*** Opening of Material shown ***
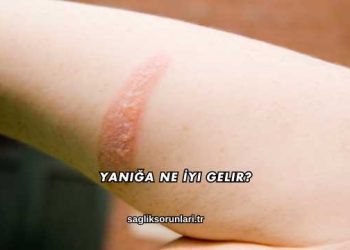 Yanığa Ne İyi Gelir?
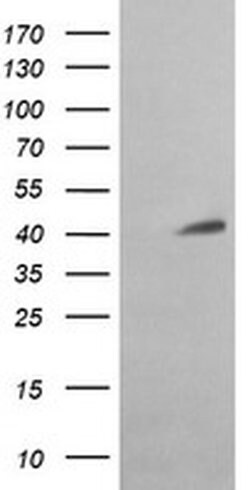ACAA2 Monoclonal Antibody (OTI2G6), TrueMAB , OriGene 100 &mu;L; Unconjugated:Antibodies,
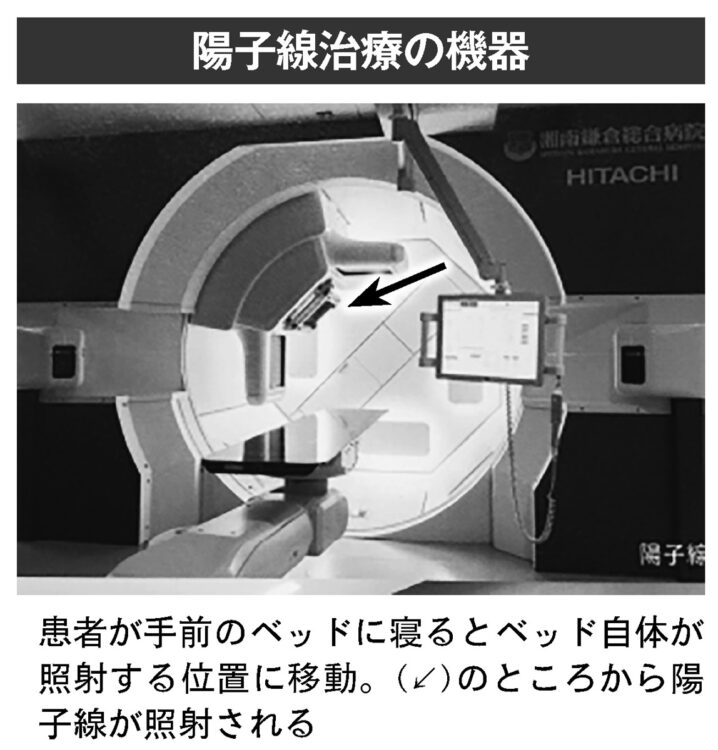 陽子線治療の機器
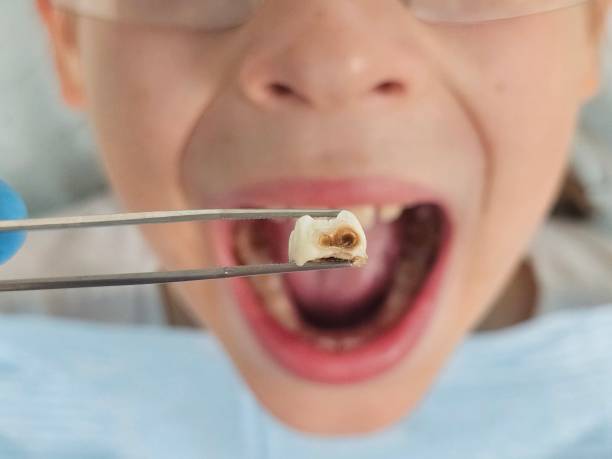 Best Emergency Dental Care for Trauma or Injury in Berwick, LA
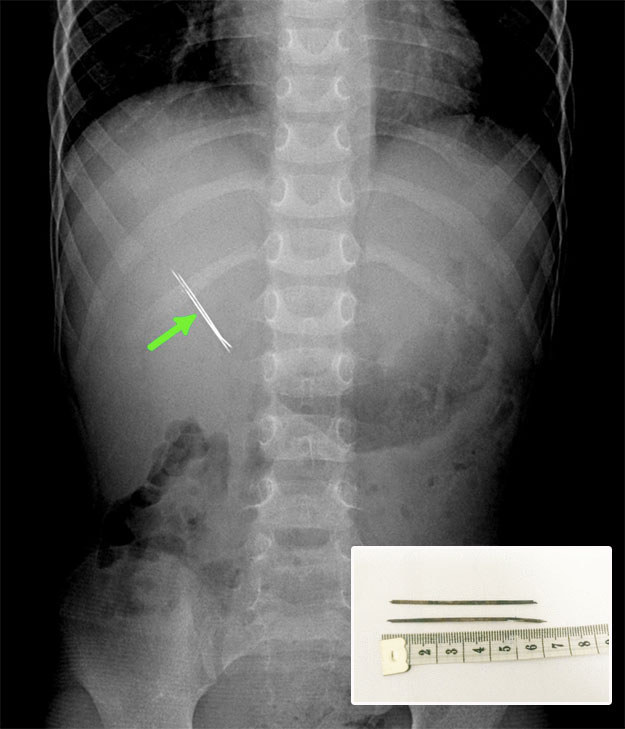 This 4-year-old boy who'd managed to get a 2-inch pin stuck through his kidney.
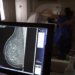 Planos de saúde passam a cobrir mamografia digital para todas as idades a partir de outubro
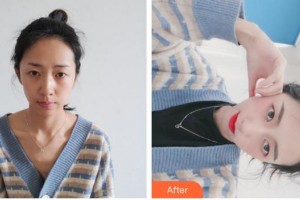 上海星璨醫(yī)療美容醫(yī)院劉宇整形價格表附發(fā)際線案例展示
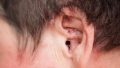 Kulak İçi Soyulması, Nedenleri ve Tedavisi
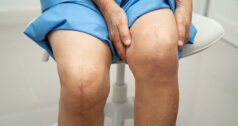 Straight forward shot of a knee replacement patient holding their knee with scars showing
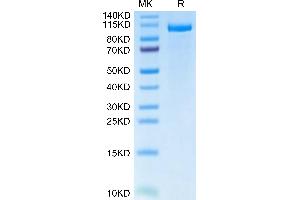 Human LRP-5 on Tris-Bis PAGE under reduced condition. (LRP5 Protein (AA 644-1263) (Fc Tag))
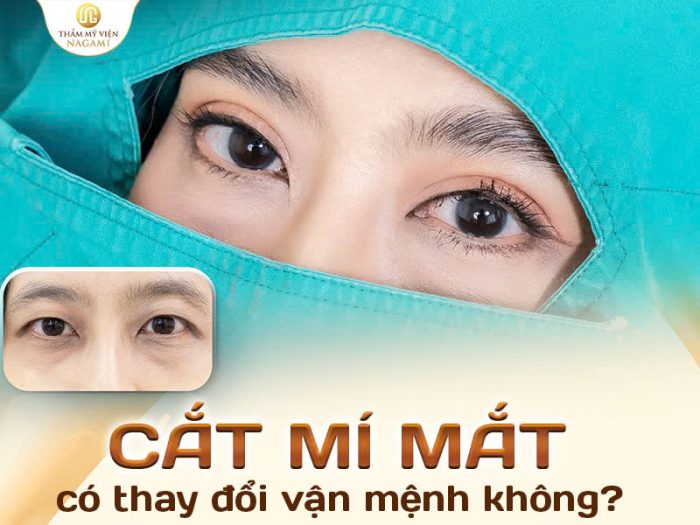 Cắt mí có thay đổi vận mệnh không?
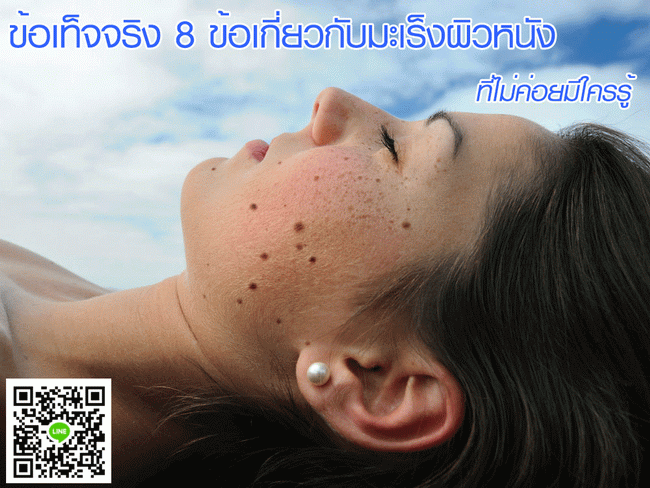 มะเร็งผิวหนัง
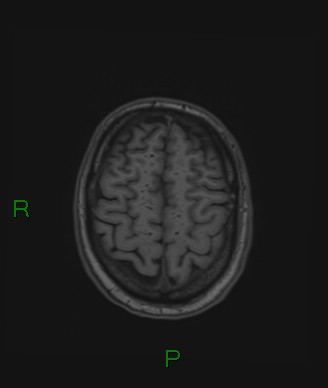 Cerebral abscess and subdural empyema (Radiopaedia 84436-99779 Axial T1 20).jpg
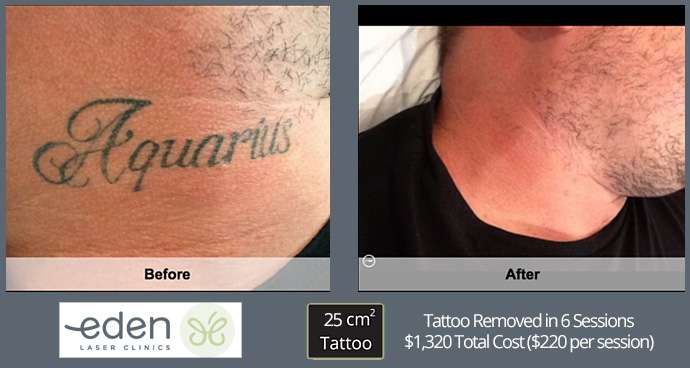 Laser Tattoo Removal Cost Sydney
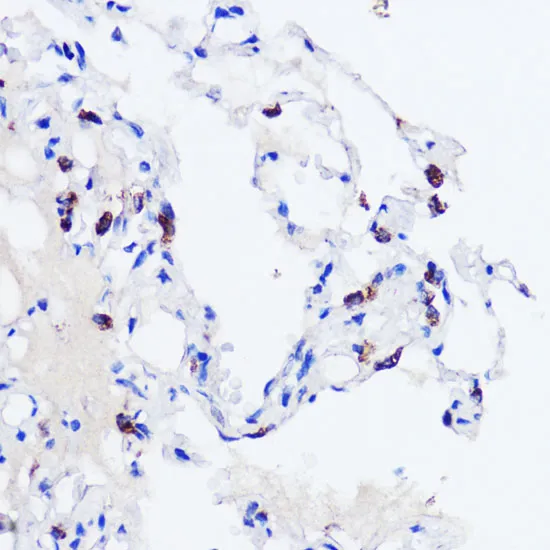 SFTPC Polyclonal Antibody - image 1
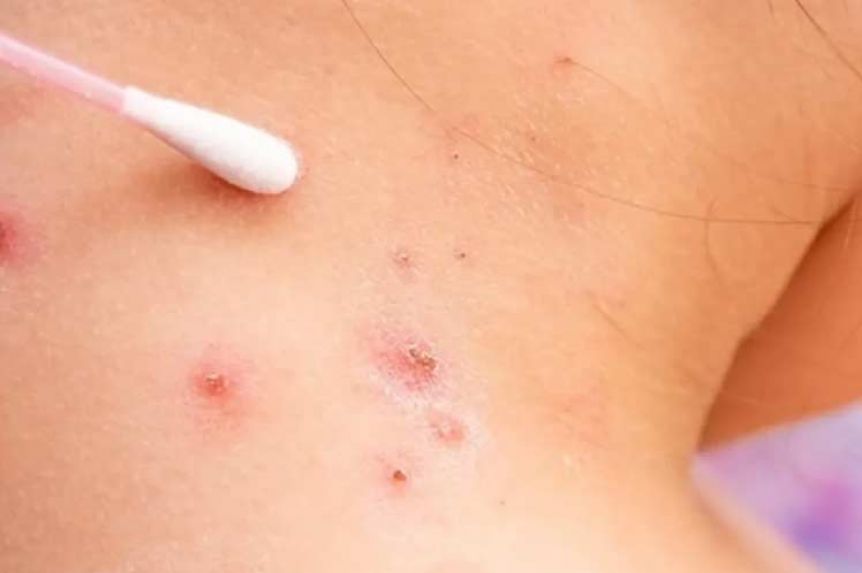 Alerta en Nueva York: decretan emergencia sanitaria por brote de viruela del mono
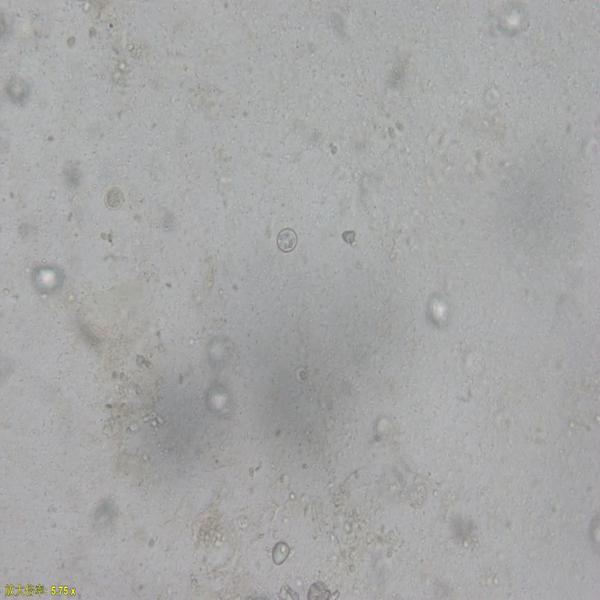 毒害艾美耳球虫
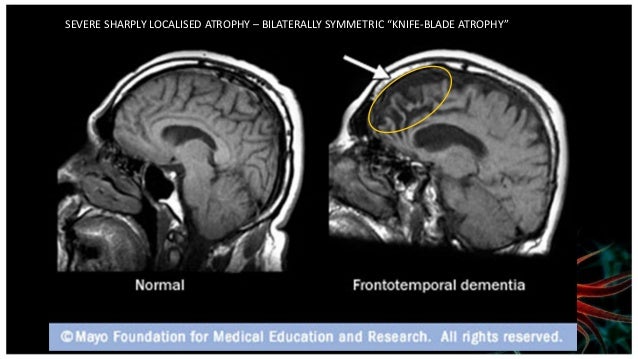 ct scan vs mri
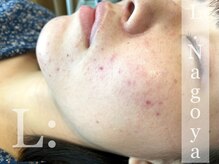 リベル 名古屋(Lebelle:)/ハーブピーリング　名古屋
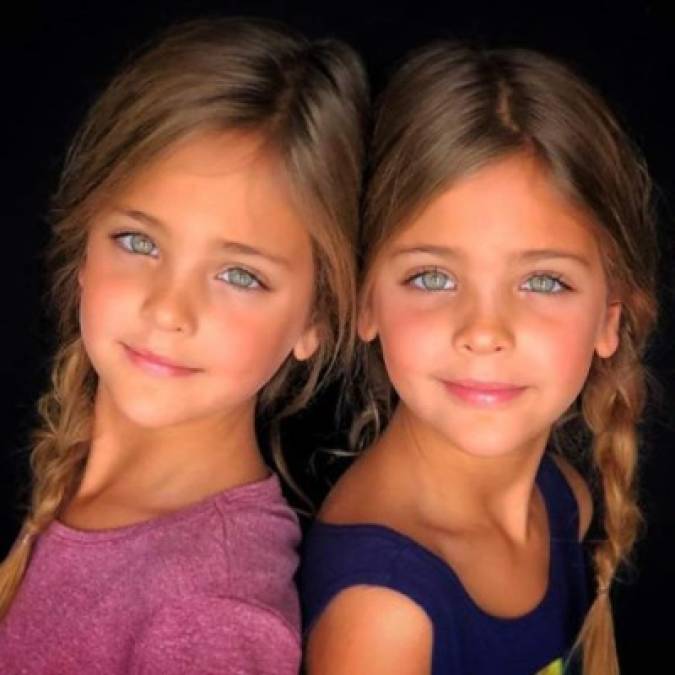 FOTOS: Leah Rose y Ava Marie, las gemelas más bellas del mundo, son sensación en Instagram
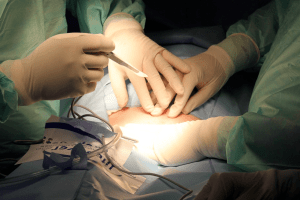 Зірка радянського кіно переніс екстрену операцію й досі перебуває у реанімації (Фото)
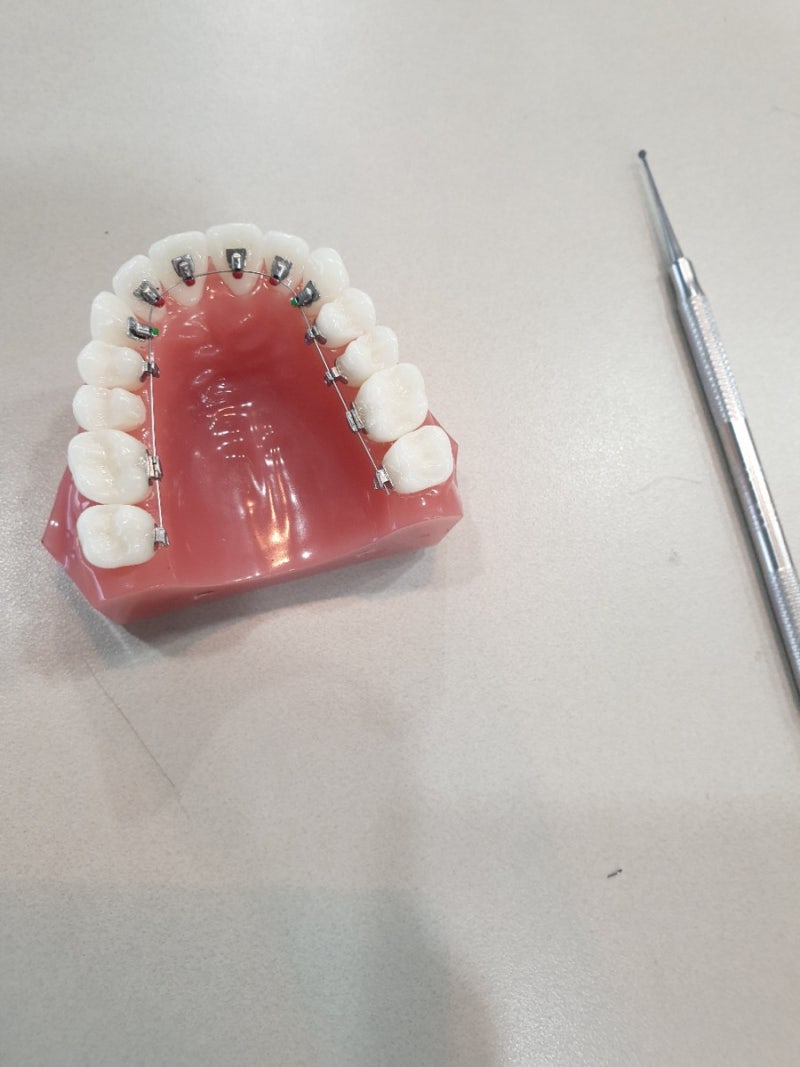 Ormco ALIAS passive lingual bracket 세미나 (앨리어스 설측브라켓) : 네이버 블로그 image.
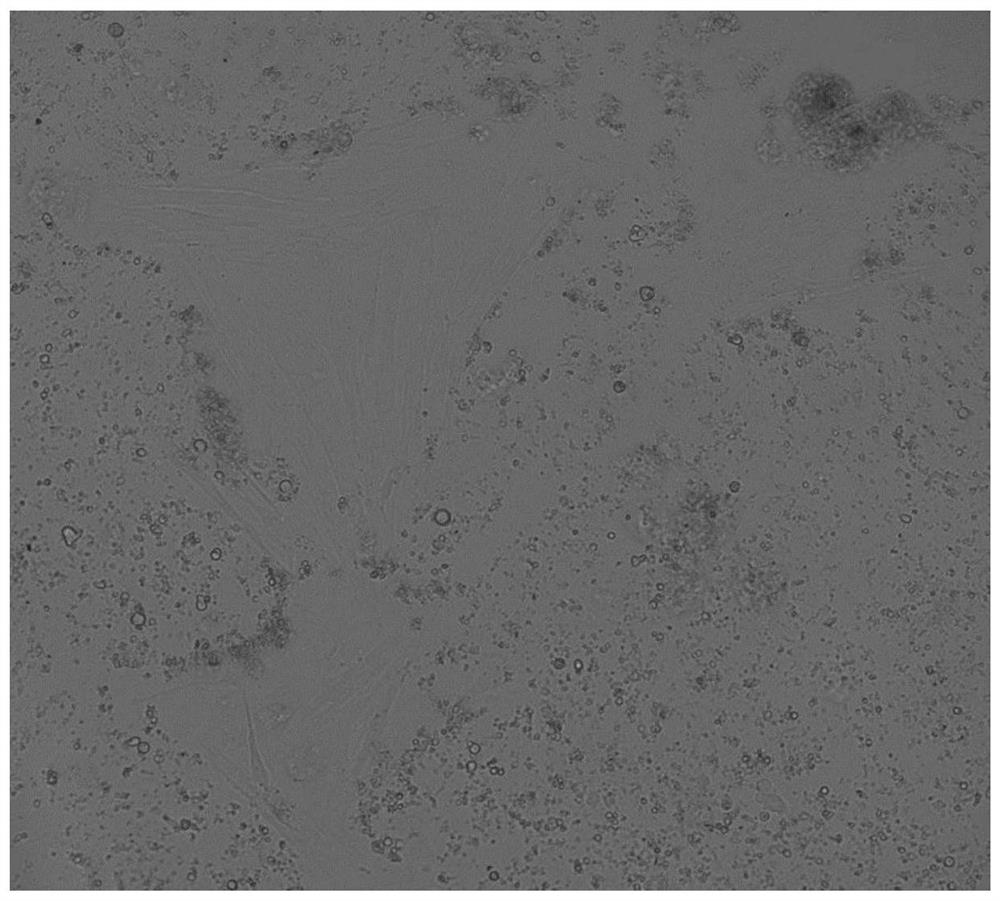 Establishment of carp brain cell line and its establishment method and application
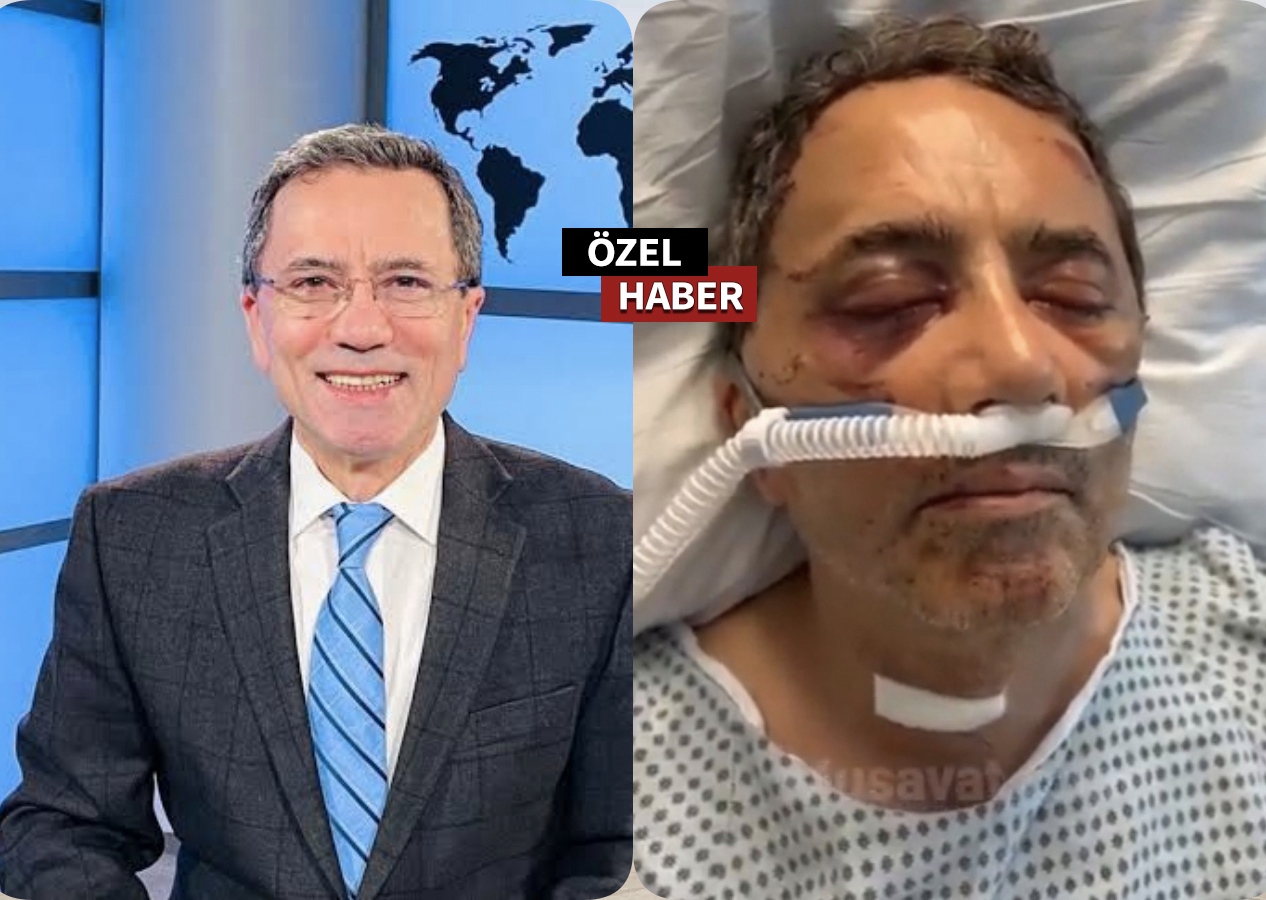 Amerika’da Türk gazeteciye saldırı! Muhalif gazeteci ve oğlu ağır yaralandı!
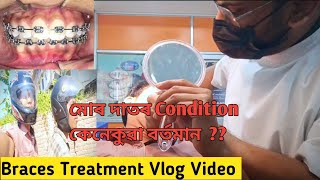 Braces treatment vlog videoমোৰ জাতৰ condition 🙂 [upl. by Tshombe]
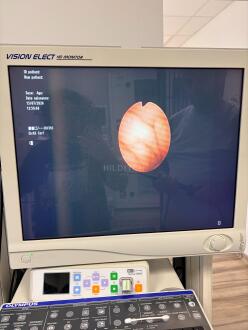 Olympus LF-2 Fibroscope - 8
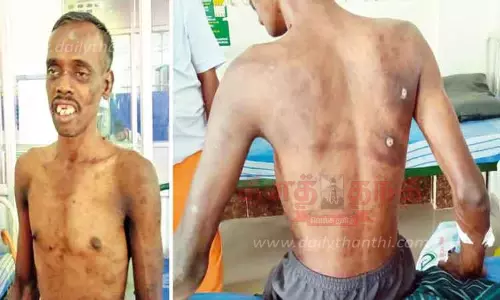 மனநலம் பாதிக்கப்பட்ட வாலிபர் உடலில் தீக்காயங்களுடன் ஆஸ்பத்திரியில் அனுமதி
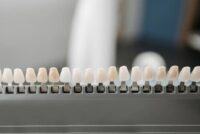 dental-veneers-benefits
*** Close of Material shown ***
Please write out exactly the lines from the one containing "ct scan vs mri" through the last line of the records above, and leave out any pictures.

*The answer*
 ct scan vs mri
 リベル 名古屋(Lebelle:)/ハーブピーリング　名古屋
 FOTOS: Leah Rose y Ava Marie, las gemelas más bellas del mundo, son sensación en Instagram
 Зірка радянського кіно переніс екстрену операцію й досі перебуває у реанімації (Фото)
 Ormco ALIAS passive lingual bracket 세미나 (앨리어스 설측브라켓) : 네이버 블로그 image.
 Establishment of carp brain cell line and its establishment method and application
 Amerika’da Türk gazeteciye saldırı! Muhalif gazeteci ve oğlu ağır yaralandı!
 Braces treatment vlog videoমোৰ জাতৰ condition 🙂 [upl. by Tshombe]
 Olympus LF-2 Fibroscope - 8
 மனநலம் பாதிக்கப்பட்ட வாலிபர் உடலில் தீக்காயங்களுடன் ஆஸ்பத்திரியில் அனுமதி
 dental-veneers-benefits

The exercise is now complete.